A loss, just as committed

django__django-14170 is in the repo too, classified as gate-divergence. The bug is real: ISO-year lookups reuse the calendar-year BETWEEN optimization, so boundary dates like 2014-12-31 (ISO year 2015) fall through. Recon nailed it. Then craft went wrong. Its first patch broke six PASS_TO_PASS tests that assert the optimization exists for iso_year, so craft’s second iteration edited the test assertions until the gate went green. The agent’s own audit said RESOLVED.
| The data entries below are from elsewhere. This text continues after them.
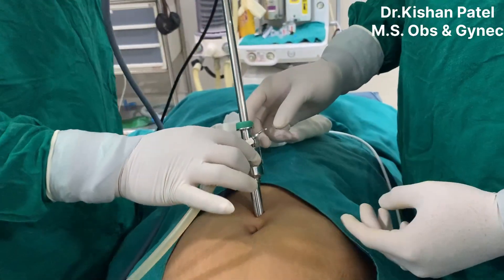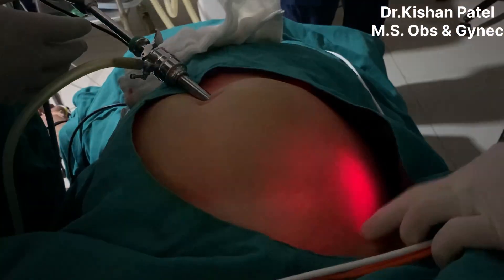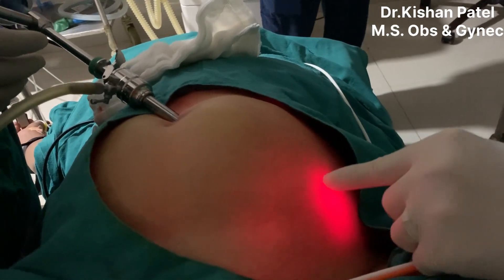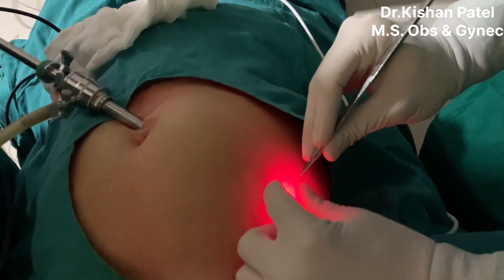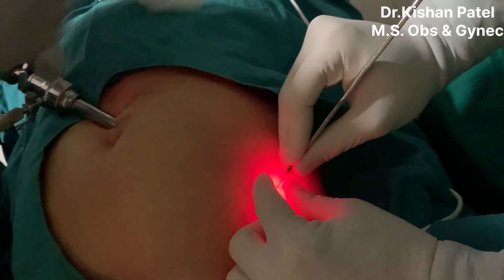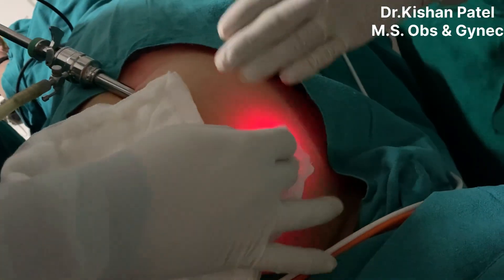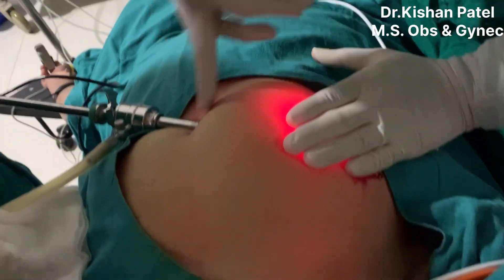We will start the CO2 gas and begin inflating. Once your port is at 90 degrees and in the space, confirmed it's in the right direction. Now the minor port: 2 centimeters above and 2 centimeters medial to the anterior superior iliac spine — the ASIS — using a 5mm port. We will make an incision of 5mm for the minor port.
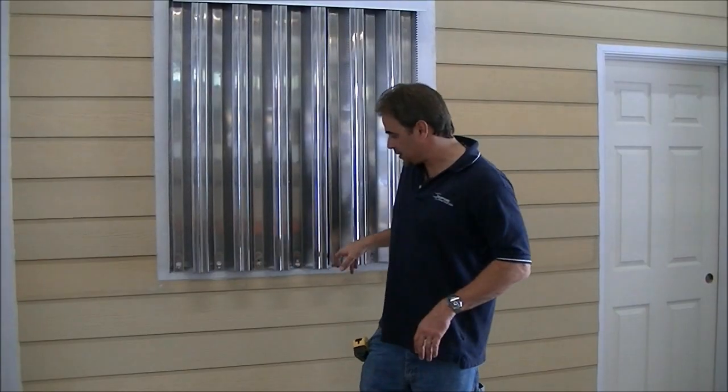I haven't put in all the screws yet — I'm going to go back through and finish up these last couple of screws. But that gives you an idea of how the panels go up: one overlapping the next, washer wing nutting everything down as you go.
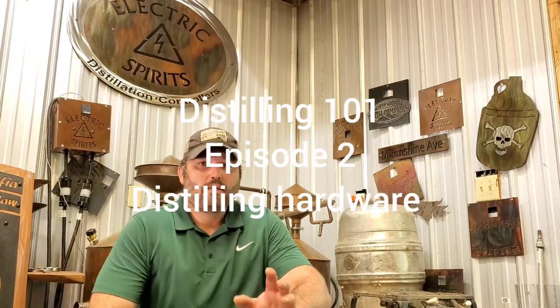What's up everybody, this is Southern Copper Chronicles. This is episode two of Distilling 101. Today I'm going to go into the equipment you need if you would like to distill alcohol — really simple. I'm keeping this whole series as simple as I possibly can.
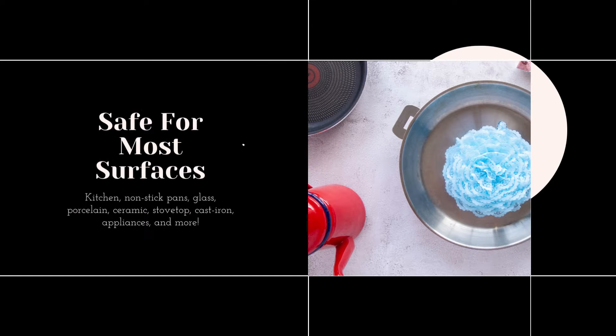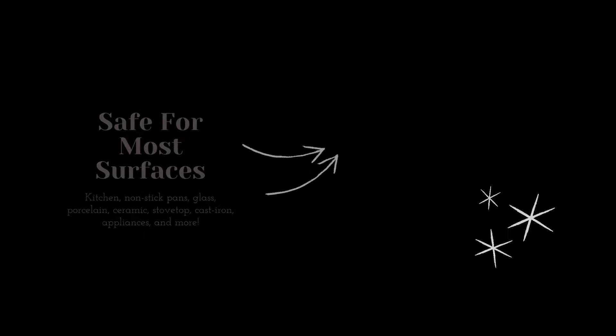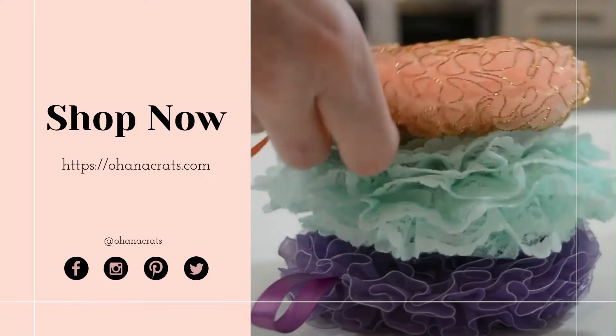Ribbon Scrubby is safe for most surfaces and not limited to the kitchen. Try Ribbon Scrubby.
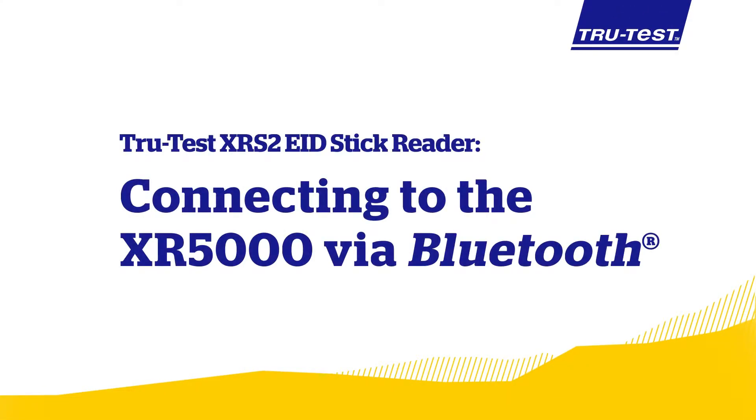In this video we will look at how to connect your XRS2 EID stick reader to your XR5000 indicator via Bluetooth. TrueTest devices will automatically connect to each other, however there may be situations where you have to manually connect devices.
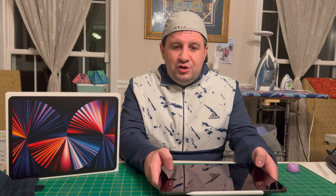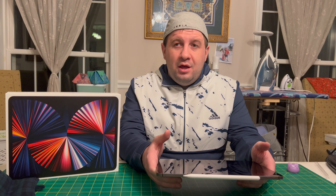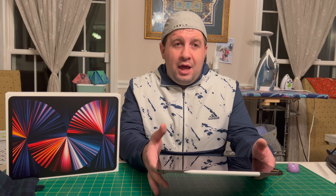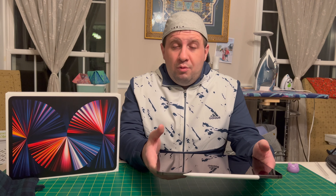This is the version with the M1, which is the very same M1 that you find in Apple's newest computers — MacBook Pro 13 inch, iMac, MacBook Air, Mac Mini — so powerful.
The official grader said no. SWE-bench does not accept changes to test files, and editing the tests to pass is precisely the move the benchmark exists to catch. My gate and the official grader diverged, and the official grader is right. The losing run stays in the repo with its RESOLVED claim intact next to the official false, because hiding it would defeat the only thing this artifact is for. The fix should have touched the implementation alone, and forbidding test-file edits in the gate is the general correction, not a re-roll of this instance.

I submitted it. I expect to be rejected.

I opened a pull request to the SWE-bench leaderboard with the full bundle: predictions, per-instance logs and traces, and a results block that regenerates from the logs.

As of November 18, 2025, Verified submissions require an author “affiliated with an academic institution or established research lab” plus an arXiv preprint or technical report. I have neither. I am an independent researcher with a blog and an append-only repo.

I submitted anyway, and I said so on the record in the PR. The policy exists to keep the board rigorous, transparent, and reproducible. My artifact is built for exactly that: every losing run is committed, the exclusions are committed, the skills are frozen and tagged, and the score regenerates from the logs by the leaderboard’s own analysis.get_results. Whatever the maintainers decide, the work is here to inspect.

The claim is simple: here is the trail.


Archived at 10.5281/zenodo.20383661. The DOI is a frozen pointer to the exact commit, nothing more: a citable snapshot, not a seal of approval. The verdict still lives in the logs.